For a long time, we have been told, naively or intentionally, that football is just a game. Just twenty-two players chasing a leather ball on green grass, governed by a referee’s whistle and ninety minutes of honorable sports competition. But what if someone told you that this ball is a tool for building nations, a weapon to topple dictatorships, a spark to ignite wars, and a mirror reflecting the deepest ethnic and political divisions in human societies?

Here, in this complex space where ideology intersects with passion, stands the book “Football Against the Enemy” by British journalist and author Simon Kuper, as one of the most important works written in the history of both sports and political journalism. This is not just a book about tactics, goal statistics, or the golden biographies of stars; rather, it is a profound anthropological journey into the human soul, and into how the masses and regimes employ this sport to shape their identities and settle their scores.
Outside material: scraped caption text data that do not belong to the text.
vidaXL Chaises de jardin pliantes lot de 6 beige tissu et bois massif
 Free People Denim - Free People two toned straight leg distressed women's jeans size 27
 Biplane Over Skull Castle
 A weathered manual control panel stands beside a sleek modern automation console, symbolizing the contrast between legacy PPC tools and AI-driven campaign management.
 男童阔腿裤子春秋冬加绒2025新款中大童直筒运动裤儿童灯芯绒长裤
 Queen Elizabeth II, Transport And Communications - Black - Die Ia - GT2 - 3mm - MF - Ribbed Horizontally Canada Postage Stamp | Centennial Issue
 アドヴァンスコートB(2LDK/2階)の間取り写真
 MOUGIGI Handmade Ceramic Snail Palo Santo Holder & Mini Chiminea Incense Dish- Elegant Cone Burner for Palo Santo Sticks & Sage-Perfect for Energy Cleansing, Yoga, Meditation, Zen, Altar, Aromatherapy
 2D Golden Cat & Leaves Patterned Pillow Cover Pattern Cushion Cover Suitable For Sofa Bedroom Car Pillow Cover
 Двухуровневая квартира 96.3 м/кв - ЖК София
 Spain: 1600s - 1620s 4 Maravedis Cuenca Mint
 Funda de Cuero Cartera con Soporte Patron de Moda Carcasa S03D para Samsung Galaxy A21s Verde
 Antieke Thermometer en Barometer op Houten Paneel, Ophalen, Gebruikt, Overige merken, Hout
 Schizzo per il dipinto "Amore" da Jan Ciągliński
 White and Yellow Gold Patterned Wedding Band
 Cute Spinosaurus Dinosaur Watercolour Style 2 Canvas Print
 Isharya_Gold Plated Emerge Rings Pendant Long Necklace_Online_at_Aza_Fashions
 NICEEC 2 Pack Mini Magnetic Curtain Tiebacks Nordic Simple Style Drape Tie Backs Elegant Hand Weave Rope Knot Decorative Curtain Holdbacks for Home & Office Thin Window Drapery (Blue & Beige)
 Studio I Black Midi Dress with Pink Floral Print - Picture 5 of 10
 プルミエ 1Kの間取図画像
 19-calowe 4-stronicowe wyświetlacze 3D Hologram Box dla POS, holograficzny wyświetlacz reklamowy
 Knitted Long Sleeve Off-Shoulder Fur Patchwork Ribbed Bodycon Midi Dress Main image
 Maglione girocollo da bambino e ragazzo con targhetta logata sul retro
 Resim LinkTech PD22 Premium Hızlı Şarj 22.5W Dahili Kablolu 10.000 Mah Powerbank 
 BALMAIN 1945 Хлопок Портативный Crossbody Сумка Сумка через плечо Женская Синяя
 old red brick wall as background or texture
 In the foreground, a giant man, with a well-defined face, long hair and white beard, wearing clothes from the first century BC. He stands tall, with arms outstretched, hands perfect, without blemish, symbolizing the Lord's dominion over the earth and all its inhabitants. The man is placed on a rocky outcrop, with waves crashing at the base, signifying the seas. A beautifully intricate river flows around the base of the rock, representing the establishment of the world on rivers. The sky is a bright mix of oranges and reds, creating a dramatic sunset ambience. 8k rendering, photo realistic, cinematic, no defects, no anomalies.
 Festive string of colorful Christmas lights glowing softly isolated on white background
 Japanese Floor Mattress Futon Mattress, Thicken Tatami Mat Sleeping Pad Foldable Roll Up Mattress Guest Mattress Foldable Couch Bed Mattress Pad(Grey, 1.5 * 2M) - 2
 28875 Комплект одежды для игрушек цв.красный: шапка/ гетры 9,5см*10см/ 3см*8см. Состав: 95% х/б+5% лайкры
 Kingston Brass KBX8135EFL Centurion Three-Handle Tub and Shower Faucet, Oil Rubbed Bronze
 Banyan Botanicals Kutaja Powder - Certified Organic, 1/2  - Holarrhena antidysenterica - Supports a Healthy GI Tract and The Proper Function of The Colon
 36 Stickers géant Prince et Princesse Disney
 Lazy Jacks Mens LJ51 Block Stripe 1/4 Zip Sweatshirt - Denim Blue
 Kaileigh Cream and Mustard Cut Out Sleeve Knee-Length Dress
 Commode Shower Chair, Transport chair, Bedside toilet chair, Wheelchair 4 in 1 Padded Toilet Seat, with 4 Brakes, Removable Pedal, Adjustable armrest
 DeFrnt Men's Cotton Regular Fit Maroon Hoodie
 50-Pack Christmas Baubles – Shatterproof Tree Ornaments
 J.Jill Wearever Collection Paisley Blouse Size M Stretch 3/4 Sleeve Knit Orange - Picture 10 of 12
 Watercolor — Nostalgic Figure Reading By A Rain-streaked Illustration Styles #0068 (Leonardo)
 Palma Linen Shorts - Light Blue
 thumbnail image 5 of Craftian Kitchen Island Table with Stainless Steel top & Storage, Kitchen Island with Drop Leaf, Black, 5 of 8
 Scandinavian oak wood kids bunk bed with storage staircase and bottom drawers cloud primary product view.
The Journey Begins: A Backpack, a Shoestring Budget, and a History-Changing Question

In the early nineties, specifically in 1992, the world was going through a difficult transition. The Berlin Wall had just fallen, the Soviet Union had disintegrated into scattered republics searching for their identity, regimes in South America were trying to recover from years of military repression, while Africa was feeling its way toward fragile democratic transitions. At this turbulent time, a 22-year-old, freshly graduated from Oxford University, decided to pack his backpack with a budget not exceeding five thousand pounds sterling to travel across 22 countries around the world. His goal? To prove a theory that seems crazy at first glance: “Football is not on the margins of society; it is at its core.”

Simon Kuper was not looking for beautiful goals; he was looking for the “enemy.” In every city he visited, from Buenos Aires to Moscow, and from Cameroon to Scotland, there was an “enemy” against whom wars were fought in the stadiums. The book, published in 1994 and winner of the William Hill Sports Book of the Year award, established an entirely new style of writing. Kuper was a pioneer in what we might call “geopolitical sports journalism.” He broke the illusory golden rule constantly repeated by conservative football commentators: “Politics must be kept out of sports.” Kuper proved, conclusively, that politics and sports are conjoined twins, and that attempting to separate them is nothing but a fatal surgical operation on the soul of the game.

Stadium Diplomacy: When the National Team is the “State”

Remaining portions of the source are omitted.